When Esmay Suiza found herself in the middle of a space battle, the senior surviving officer, she had no choice but to take command and win. She didn't want to be a hero, but Once A Hero....--This text refers to the Mass Market Paperback edition.
In Once A Hero, Esmay Suiza is the leading woman. She is a young lieutenant on trial for her involvement with a mutiny that took place in the previous novels. Fortunately for her, she was a hero and the Court Martial is supposedly a formality. It is nonetheless stressful on Esmay and tests her self-confidence while forcing her to examine her choices. I enjoyed her strength of character as she reviews her testimony and role in the incident. It was also a good introduction to Fleet, this book's space military.
After the trial, she goes to visit her home planet of Altiplano. Esmay comes from a wealthy and powerful family of General's, her father being one of them. We get a taste of a different society in which male and female roles are traditionally well defined. In contrast to Fleet's court martial, her home planet hails her ceremoniously as a hero. Because she is a woman, her success in the military would not have been possible on Altiplano, making the warm welcome all the more meaningful to her. While she is there, a tragic hidden past and a family betrayal are revealed. Esmay must face some hard truths.
She returns to Fleet to continue in the navy and is reassigned to a space station. Esmay becomes acquainted with the station and the duties required of her position in the technical track. She struggles with her true desire to be command track and reflects on how the violent crime against her when she was a child has impacted her personality and behavior. She also tries to modify her ingrained sense of courtesy. A potential love interest, Barin Serrano, explains that things considered rude on Altiplano are perceived differently in the Fleet culture and are affecting her image. A whole new part of the story develops in which an attempt is made by the evil Bloodhorde to take over the space station and Esmay is given an opportunity to draw upon her abilities to make important command decisions and stand out as a hero once again.
There are several things I didn't like about the book...the manner in which the enemy is defeated came off as silly to me. There are some repetitive comments about how people think Esmay has promise and why won't she come out of her shell and when will it happen. Also, the subject of sexual violence seems a very serious issue to address and while it didn't bother me, I can see how this portion of the story or its treatment may not appeal to everyone.

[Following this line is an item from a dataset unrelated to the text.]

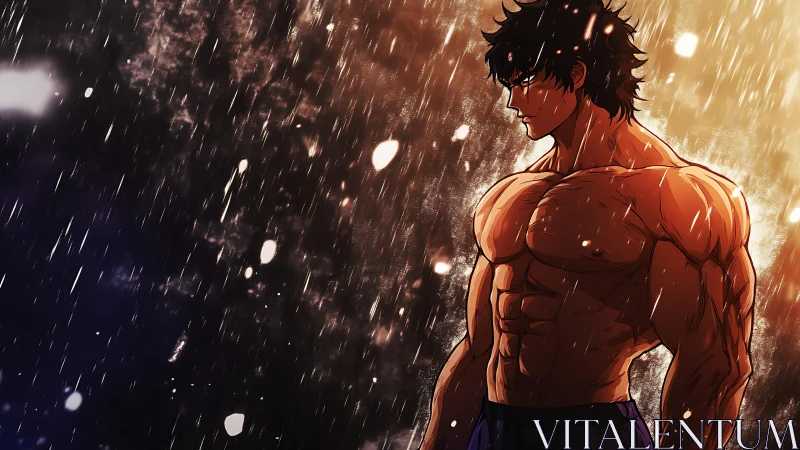 Muscular anime warrior stands in stormlit golden rain.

I did love the details. I really imagined the space station, the special suits, the ships and what life in space would be like. I loved Esmay's dedication, hard-working attitude and rise to success. I did go on to read the next book in this series and found it lacking in comparison to Once a Hero.
The book can easily be read without reading the three earlier books in the series (Hunting Party, Sporting Chance, Winning Colors), which aren't nearly as good. The later books are also weaker, in my opinion.